_WHAT IS BEING ASKED_. Everything from the line with "Traditional Cypriot easter" down to the line with "Child speaking at family detention protest" below must be printed exactly, those two lines included. Exclude pictures.

* * * * * * *

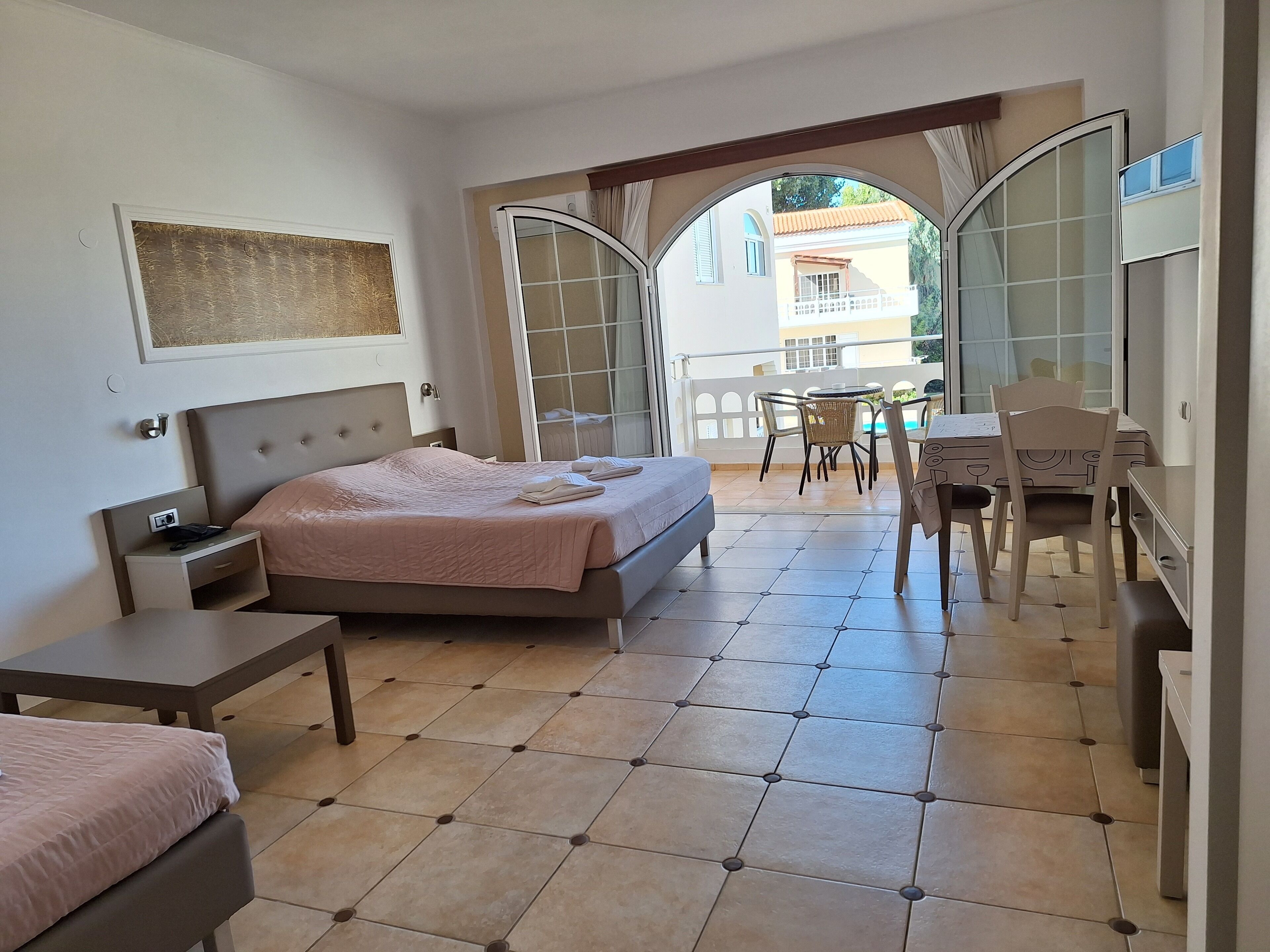 A hotel room with a bed, a desk, a chair, and a balcony with a table and chairs.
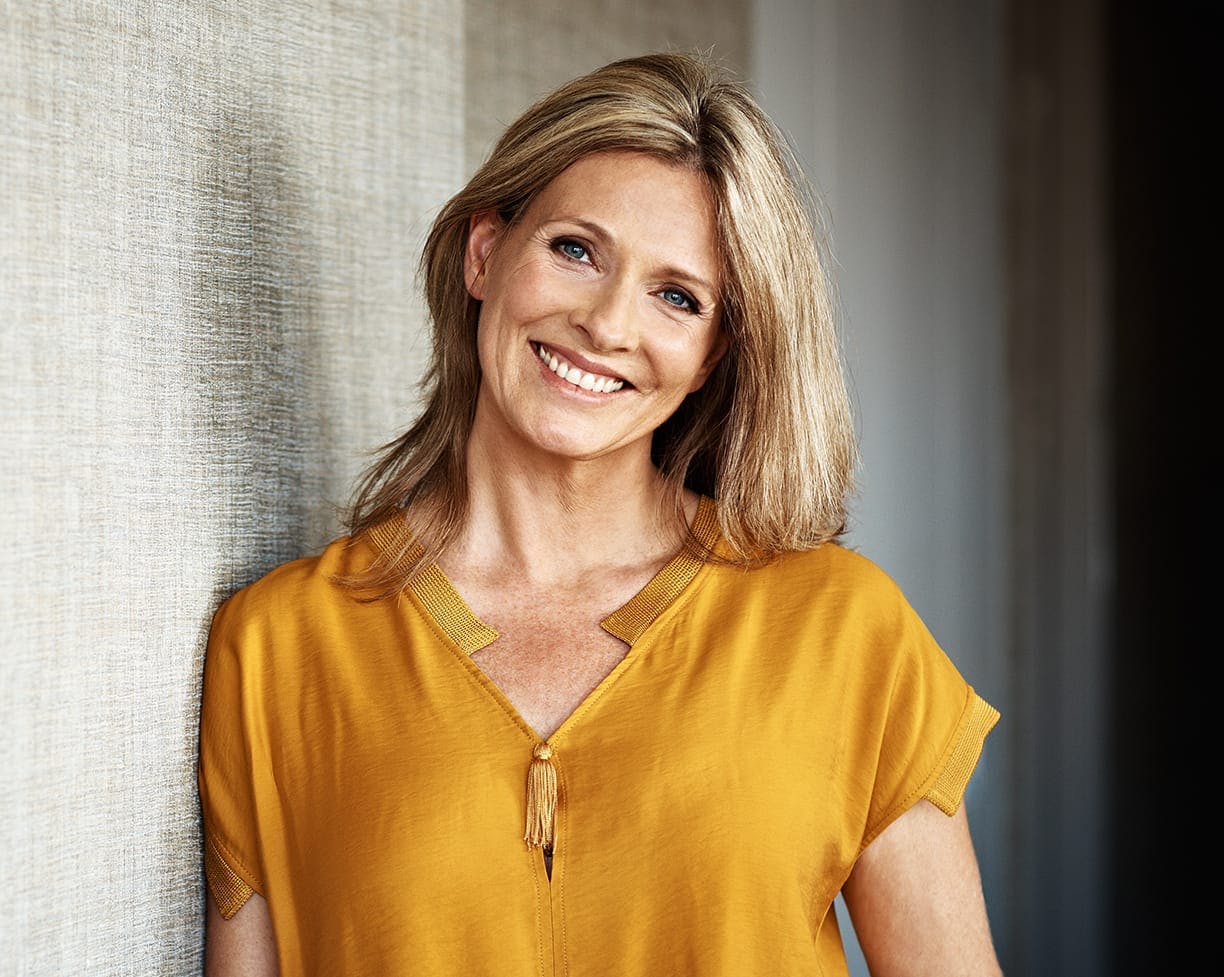 Beautiful middle aged woman smiling wearing a yellow shirt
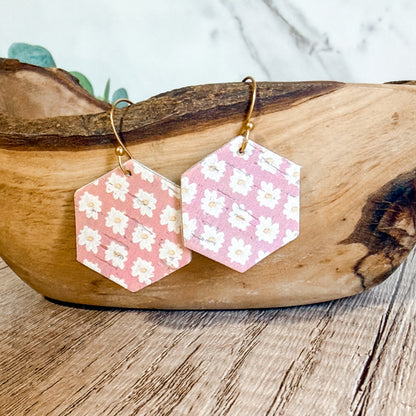 Hexagonal earrings with floral pattern on a wooden surface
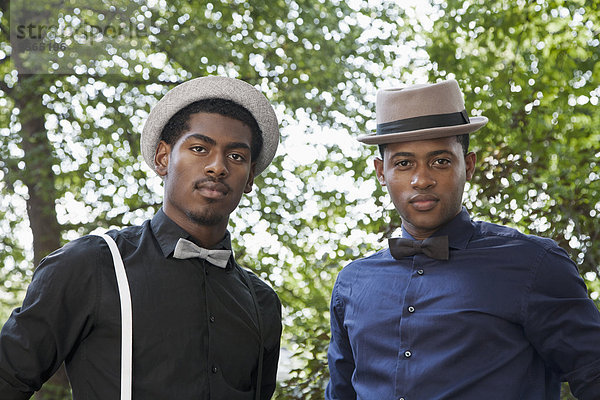 Zwei hübsche junge schwarze Männer mit Fliege und Hut.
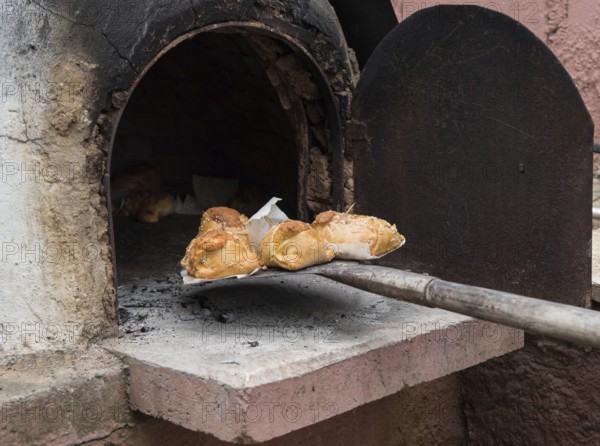 Traditional Cypriot easter pastries made with mixture of various cheese and halloumi and cooked on a clay oven, called flaounes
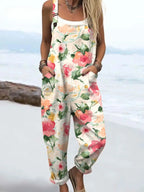 Woman wearing a white petal floral print jumpsuit, product catalog photo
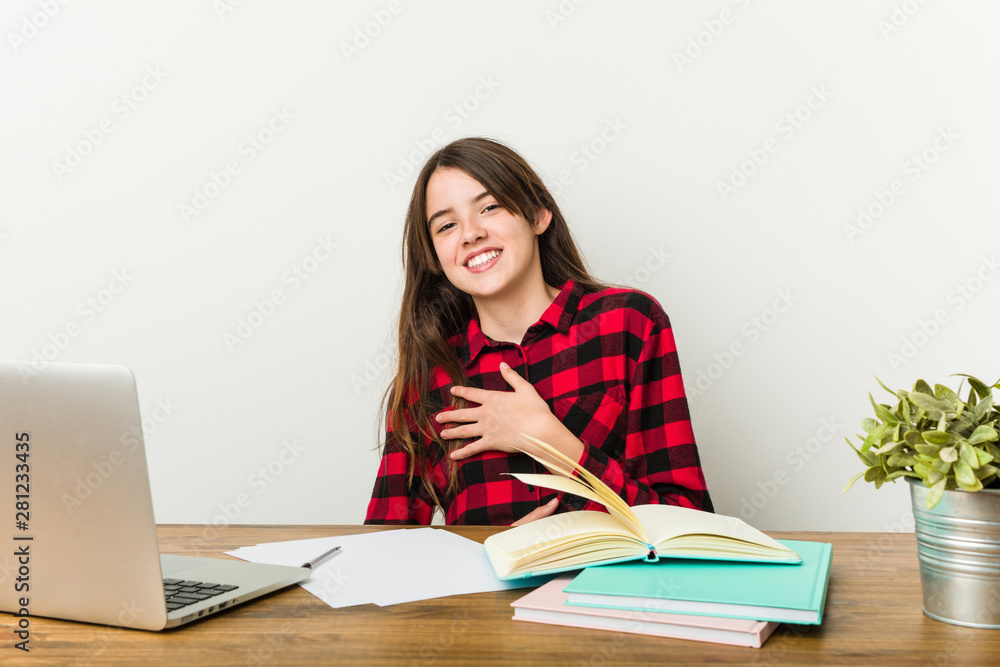 Young teenager going back to her routine doing homeworks laughs happily and has fun keeping hands on stomach. Young teenager going back to her routine doing homeworks laughs happily and has fun keeping hands on stomach.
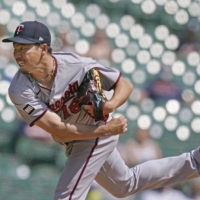 Twins starter Kenta Maeda pitches against the Tigers in Detroit on Wednesday. | AP / VIA KYODO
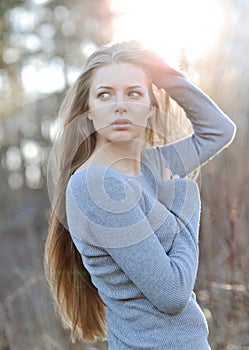 Sunset portrait of a pretty calm young woman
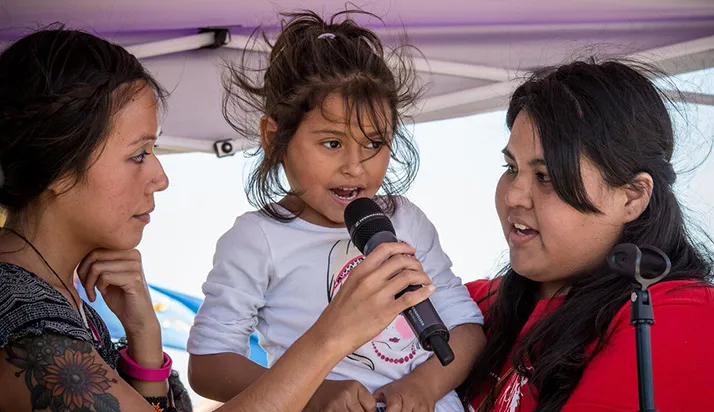 Child speaking at family detention protest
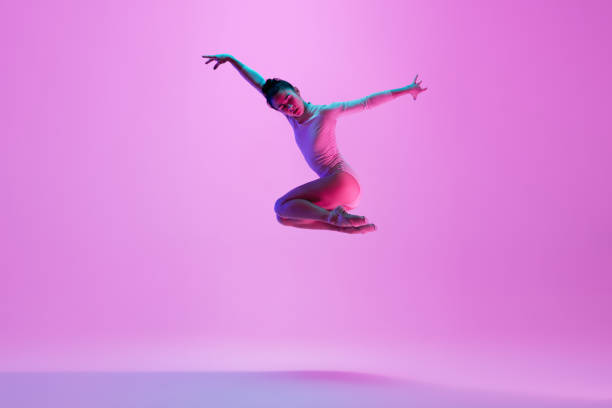 istock Young and graceful ballet dancer isolated on pink studio background in neon light. Art, motion, action, flexibility, inspiration concept. 1300154806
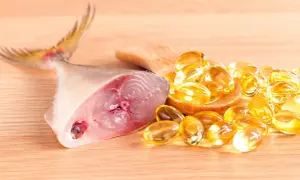 Un trozo de pescado fresco junto a cápsulas doradas, representando los **aceite de hígado de bacalao beneficios** para la salud.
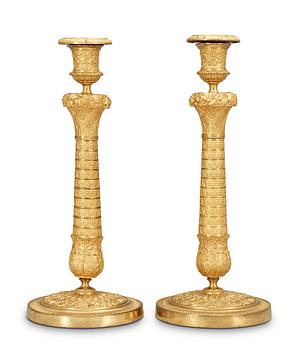 A pair of French Empire early 19th Century candlesticks.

* * * * * * *

_WRITTEN ANSWER_.
 Traditional Cypriot easter pastries made with mixture of various cheese and halloumi and cooked on a clay oven, called flaounes
 Woman wearing a white petal floral print jumpsuit, product catalog photo
 Young teenager going back to her routine doing homeworks laughs happily and has fun keeping hands on stomach. Young teenager going back to her routine doing homeworks laughs happily and has fun keeping hands on stomach.
 Twins starter Kenta Maeda pitches against the Tigers in Detroit on Wednesday. | AP / VIA KYODO
 Sunset portrait of a pretty calm young woman
 Child speaking at family detention protest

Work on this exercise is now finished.